As Viper drop 'The Sound Of Drum & Bass 2016', label boss Futurebound picks his Top 10 producers to watch
The sound of drum & bass 2016? That's easy to say, but much harder to actually define.
Behind the current dominance of all things dark, techy and neuro there's the woozy, seasick suckerpunch of half-time, the soulful, rolling consistency of liquid, a heavy presence of classic jungle rudiments, a devil-may-care attitude to tempos and a ridiculously big jump-up scene that plays by its own rules and doesn't seem to care what's going on elsewhere.
The chart-busting spree of the last five years continues, ensuring more prominent positions at larger events and capturing the attention of a whole new generation of fans. And this year has seen a wealth of originators and oldee statesmen returning to remind us of the scene's 25-year-deep roots - the likes of Bad Company UK, Full Cycle, Commix, Pendulum and J Majik.
The scene has never been so consistently exciting internationally, either. Holland is currently running things from north (Liquicity) to south (Noisia), America has never delivered such a solid slew of acts from deep (Submorphics) to dangerous (Sinistarr) while our eastern Europe counterparts dominate the tech side of the game to such a degree that the Czech Republic has been home to the world's first D&B-only festival for over 10 years (Let It Roll)
It's safe to say that drum & bass is in an exciting state of creative flux around the world. And that's before we start detailing the many artists and labels right across the scene carving sounds that are much more unique and creative than any catch-all feature openers can possibly represent.
To capture and articulate the genre's current diversity in one album is therefore a tricky challenge, but UK label Viper has risen to that challenge once again. With the second in what's shaping up to be an annual series of densely-packed year-igniters, Futurebound's 11-year-old label has bulldozed into 2016 with a collection that does well to tick the genre's many boxes: The Sound Of Drum & Bass 2016. Easy to say, harder to actually listen to without leaping around the room pulling so many gun-fingers your digits might just fall off.
With 29 tracks from artists who hail from Peckham to Perth, the sounds in question range from electrified tech (Mob Tactics' Return Of The Snitch) to startlingly emotional euphoria (Koven's One's Own) by way of epic arena-melting bangers (Killer Hertz'sAll Out), slippery synth funk (Dossa & Locuzzed's Bad) deep, soulful steppers (Insomniax's Do You Remember) and everything between.
Licensing key tracks that helped to define the last 12 months (Rene LaVice's remix of The Prodigy's Rebel Radio and Noisia & The Upbeats' jaw-breaking Dead Limit), digging deep into their own pre-2015 vault (Maduk's Life, ShockOne's Universes) and securing exclusives from exciting new artists, The Sound Of Drum & Bass 2016 reflects the genre's dizzying trends and tendrils while compounding the label's own distinctive hype-sizzled, festival-firing signature.
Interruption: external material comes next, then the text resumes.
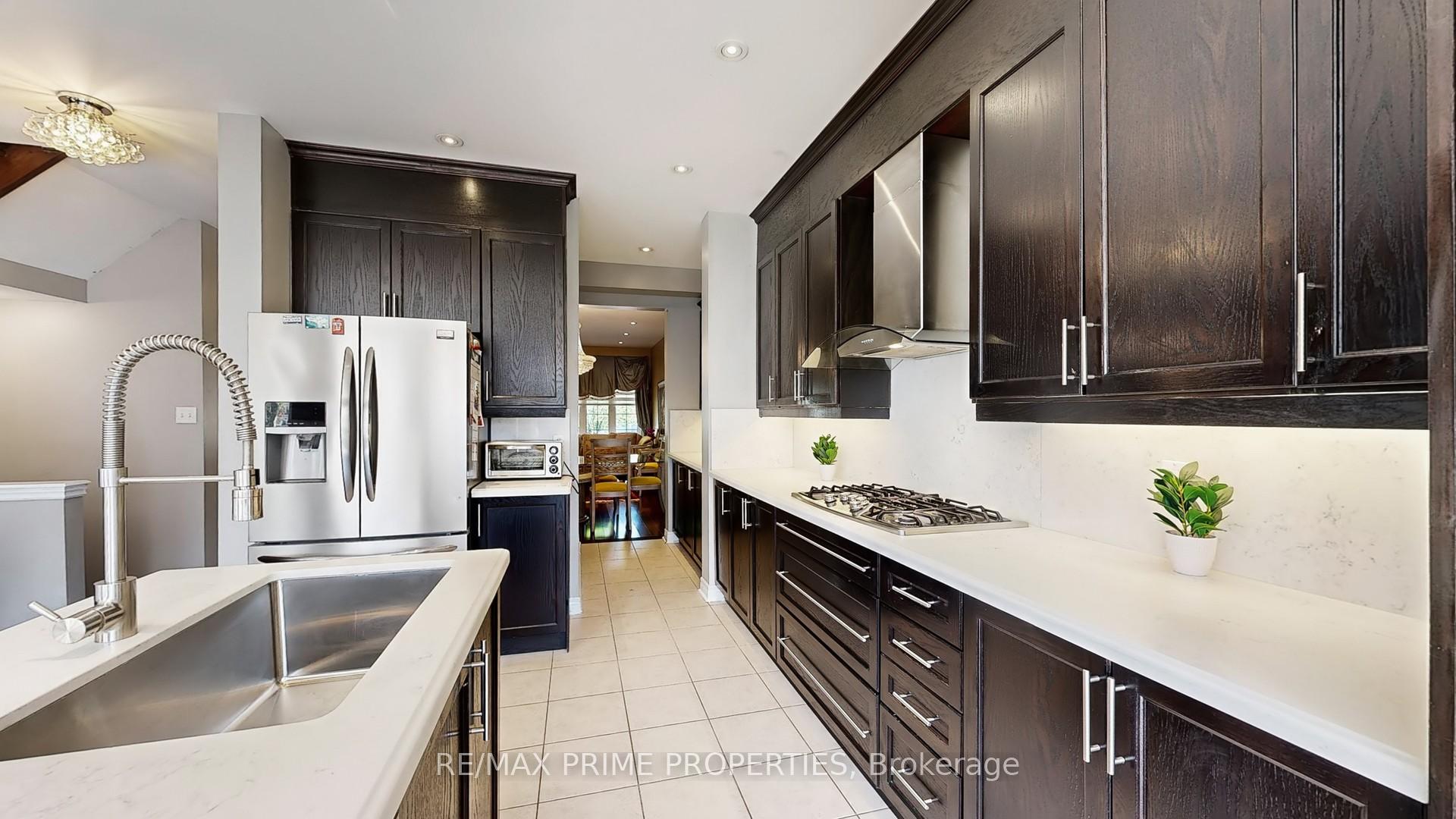 Photo 12 of 13 Lundy Drive, Markham, Box Grove — HOMEH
They're even playing a role in this year's aforesaid forefather takeover bid, with the first release from J Majik in over three years, Drop It.
“It's funny,” laughs a jetlagged Futurebound when we Skype him in his Tokyo hotel room. “I used to release music on his label, now he's releasing music on mine! Like me, he was into this scene before it was drum & bass. He's given his entire adult life to the scene. So he took a break for a while to recharge his creative batteries and he's come back with some absolute belters. He's sending me tracks every week. This won't be the last time you see his legendary name on Viper!”
Old-skool heroes aside, The Sound Of Drum & Bass 2016's biggest coup is the sheer amount of next-generation talent. Some names should already be on any D&B fan's radar (LoKo, BMotion, Toronto Is Broken), other names potentially aren't.... yet. Either way, they're the key to any scene's on-going development and vitality: new guns will ensure the scene's exciting creative state of flux continues for years to come. From Futurebound's perspective, it's about identifying, signing and nurturing the ones who'll last those years.
“I never like to rush things with people,” he explains. “I like to see where people's heads are at and get to know them before I work with them. They can be the most technically gifted person in the world but I need to hear creativity and I need to know what their work ethic is like. I'm very honest with every artist: I tell them Viper can take them to wherever they want to go, but they need to give it their all. They need to go to bed thinking about music and wake up thinking about music, just like us.”
So these are the guys who are giving their all right now. From the sound of drum & bass to the sound of the future, get acquainted with 10 names Futurebound believes will help to ensure D&B's current super-fit health diagnosis stands for the foreseeable...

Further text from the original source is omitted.